Healthy alternative: When buying your next bar, look at the ingredients; chocolate liquor or cocoa should appear first, and it should have a labelled minimum cocoa percentage of 70 percent. Chocoholics be warned: You only need 1 oz (28 g) of dark chocolate daily to experience its health benefits.
“Something”-free junk food
The category of gluten-free or dairy-free junk foods is a big issue for Hélène Charlebois, a registered dietitian in Ottawa. “Many of my clients assume that by buying these types of [baked] that they are healthier than their regularly made counterparts,” she says. “But a calorie is a calorie; eating too much of any food is not healthy.”

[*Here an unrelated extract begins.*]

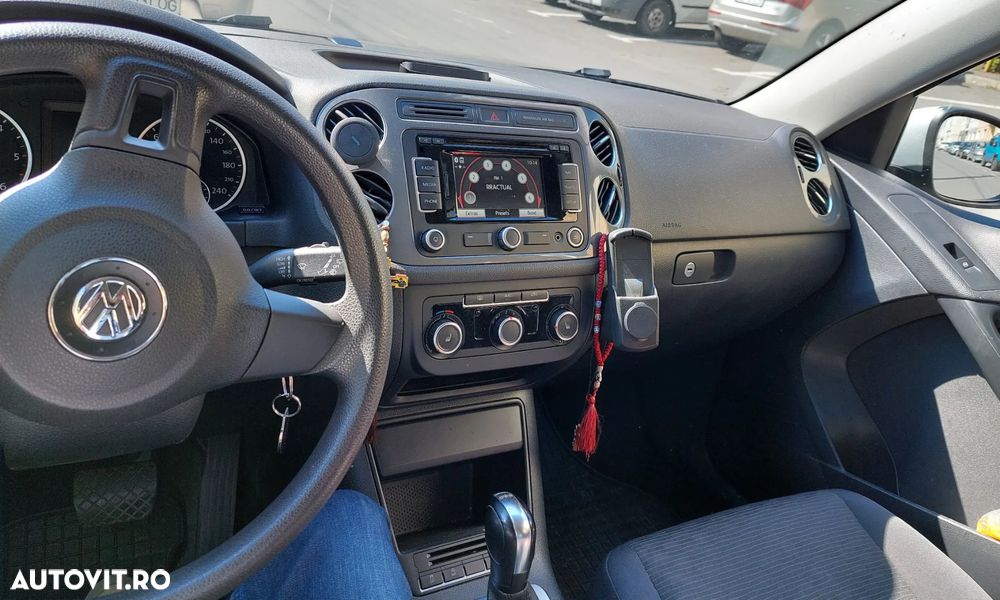 Volkswagen Tiguan 2.0 TDI 4Motion DSG Track & Style - 6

Healthy alternative: If you’re watching your calorie consumption, calories and carbohydrates matter more than the latest ingredient-free trend if you have no specific ingredient sensitivities. Work with a nutritionist to identify specific dietary factors that you need to avoid.
Agave nectar may score lower than sugar on the glycemic index, but it’s not perfect. “It’s almost 90 percent fructose,” says Kevin Kuhn, a nutrition coach and certified strength and conditioning specialist. “It doesn’t elicit an insulin response, so it has a much higher chance of being stored as fat while contributing to insulin resistance.”
Healthy alternative: Agave nectar may be healthier than sugar in some ways, but that’s not permission to go overboard. Treat it just like any other added sweetener. “Using a little will not hurt you,” says Kuhn. Choose sweeteners such as honey, maple syrup, molasses, fruit juice concentrate, or organic coconut palm sugar, which add sweetness and nutritional value.
The next time you need an on-the-go breakfast or gym snack, reaching for your favourite granola bar may not be ideal. “If you check the label, many are just processed mixtures of sugar, fat, and refined carbs,” warns Sharon Palmer, dietitian and author of The Plant-Powered Diet (Hodder & Stoughton, 2012). “The nutritional lineup can be similar to a candy bar.”
Healthy alternative: Avoid granola bars that contain high amounts of sugar, fructose corn syrup, candy coatings, and preservatives. Choose a bar that contains whole food ingredients and is fortified with vitamins and minerals. If you’re looking for a meal replacement bar, make sure it has at least 5 grams of protein and at least 3 grams of fibre.
Frozen yogurt has a healthy aura around it, especially compared to traditional high-fat, high-sugar ice cream. However, many of the perceived benefits may not actually be there. For example, the heat processing of frozen yogurt products and subsequent freezing often kills the beneficial live cultures found in regular yogurt.
Healthy alternative: The label should specify whether the frozen yogurt contains live cultures. Avoid products with excess sweeteners and high amounts of fat.